A few weeks later, during the month of Elul, they found themselves along the long and winding road to Israel’s southernmost city, located on the banks of the Red Sea. Within a short period of time, Rabbi Weiss had established a Chabad yeshiva together with Rabbi Erez Dovid Bendetowitz, designed for baalei t’shuva and those exploring their Jewish roots.

It didn’t take long before this brand-new shliach realized that he was very successful in all areas of spreading Yiddishkait. According to Rabbi Weiss, there were close to forty Jews who had chosen to forego their previous lifestyles and begin observing Torah and mitzvos. Fifteen of them began wearing kapotes.

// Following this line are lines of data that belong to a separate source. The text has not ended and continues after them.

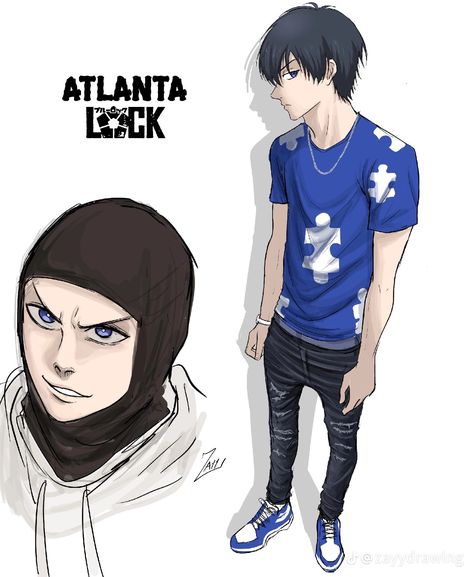 Atlanta Lock, Hood Anime, Gangsta Anime, Anime Gangster, Blue Lovk, Blue Clocks, Hero Poster, Pusheen Cat, Reaction Images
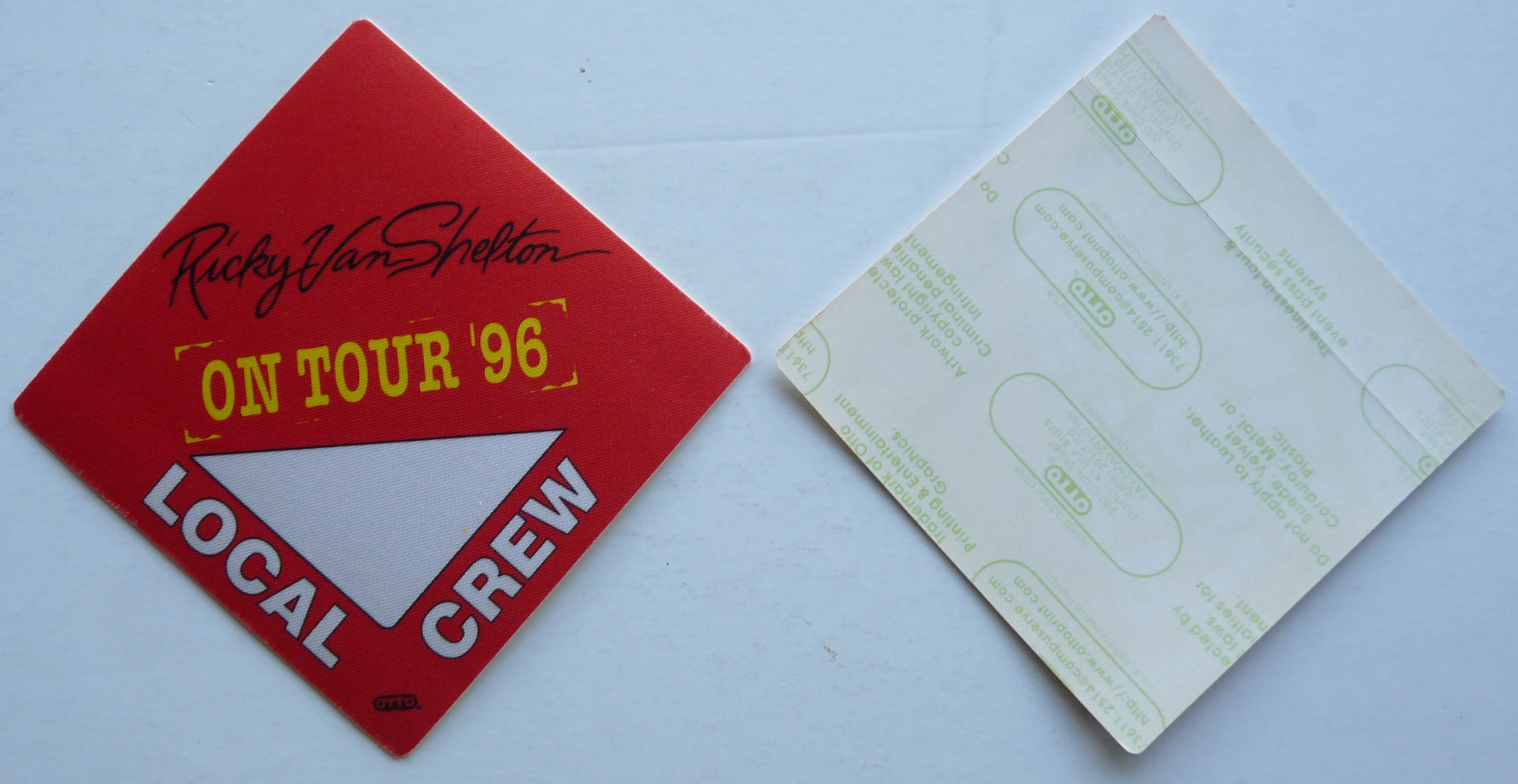 Ricky Van Shelton 1996 Concert Tour Red Crew Backstage Pass D30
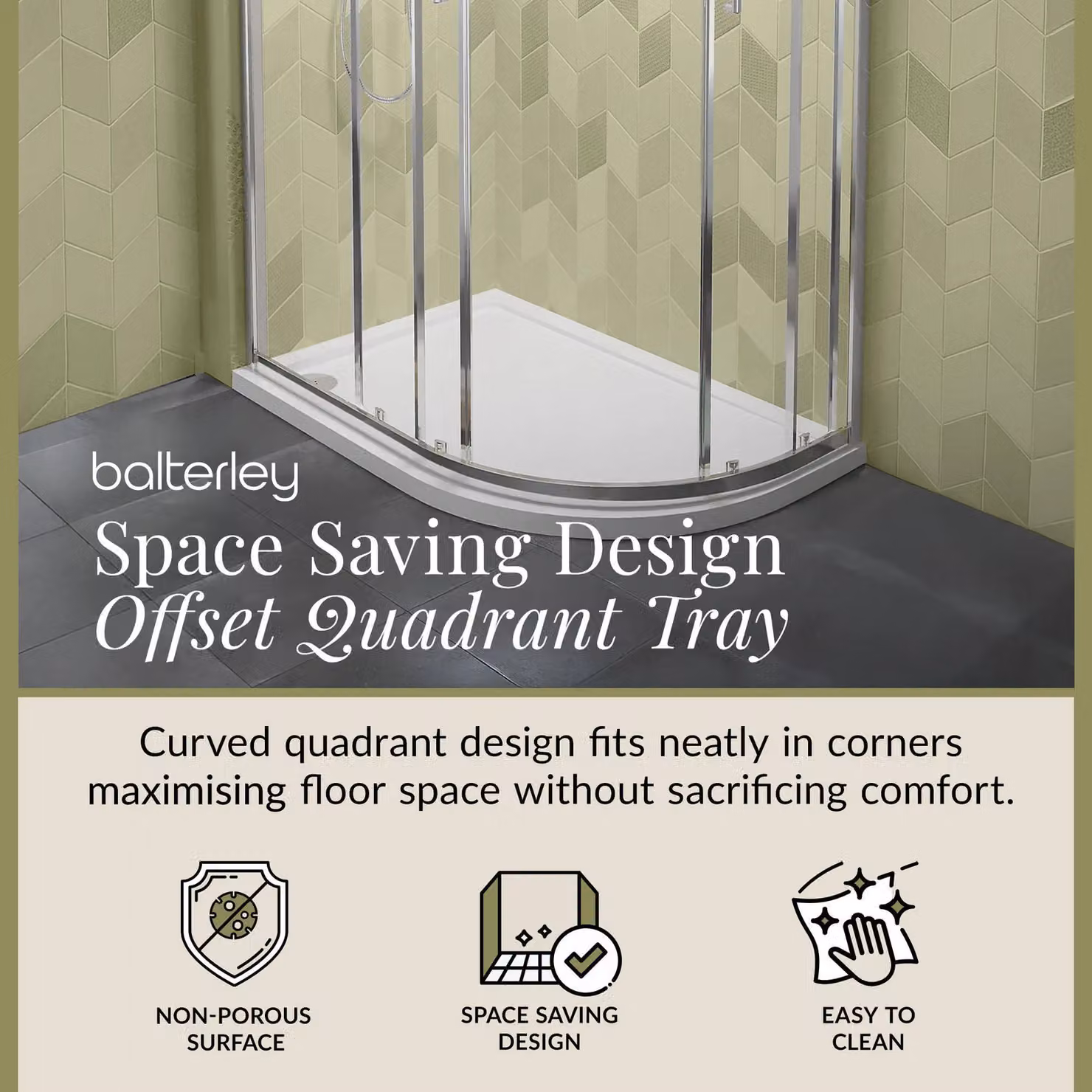 Balterley Premium Right Hand Offset Quadrant Corner Shower Tray in White – 2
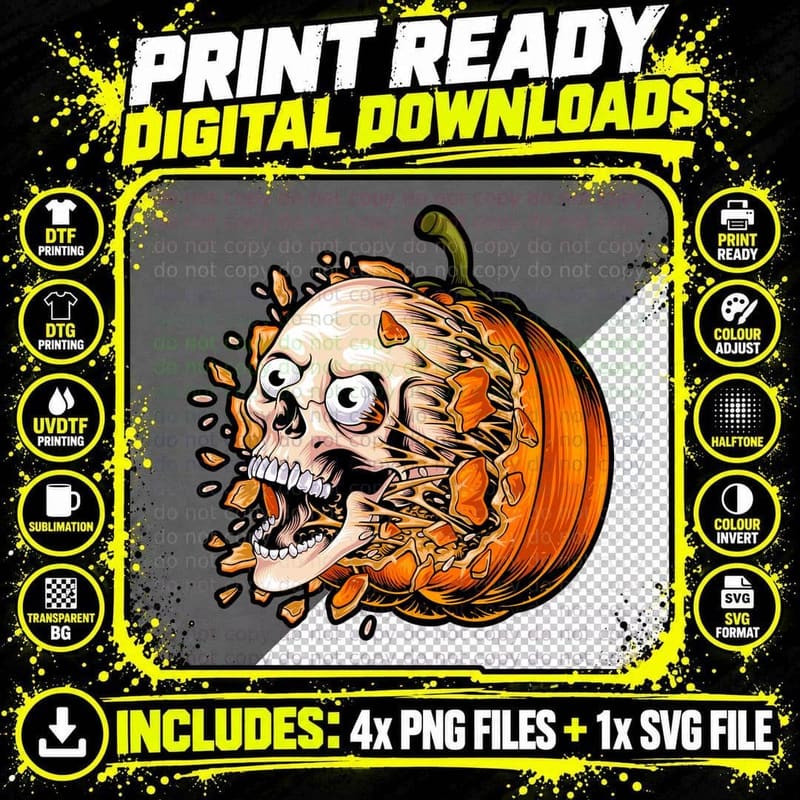 Pumpkin Skull Halloween Fall Orange T-Shirt Png SVG Digital Bundle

As someone who had always lived, composed, and played music, Rabbi Weiss felt that the time had come to do shlichus via this medium as well. He decided to record and copy five of his songs and produce a CD. His compositions dealt primarily with the teachings of the Tanya. The Rebbe, Melech HaMoshiach, gave him a bracha via “Igros Kodesh,” but the passage from theory to actual deed had one small problem: money. “I needed twenty-five thousand shekels, but was unsuccessful in raising the money. A few months later, I found myself writing to the Rebbe again out of a sense of despair and dejection. I listed all my efforts in gathering the funds, noting that it seemed that I wouldn’t be able to execute the project.

“When I opened the volume of ‘Igros Kodesh’ where I had placed my letter, the Rebbe’s response was that he was providing a check for his participation in covering my expenses. I knew that the Rebbe wanted me to continue, and he had already forwarded me the money in his own way…”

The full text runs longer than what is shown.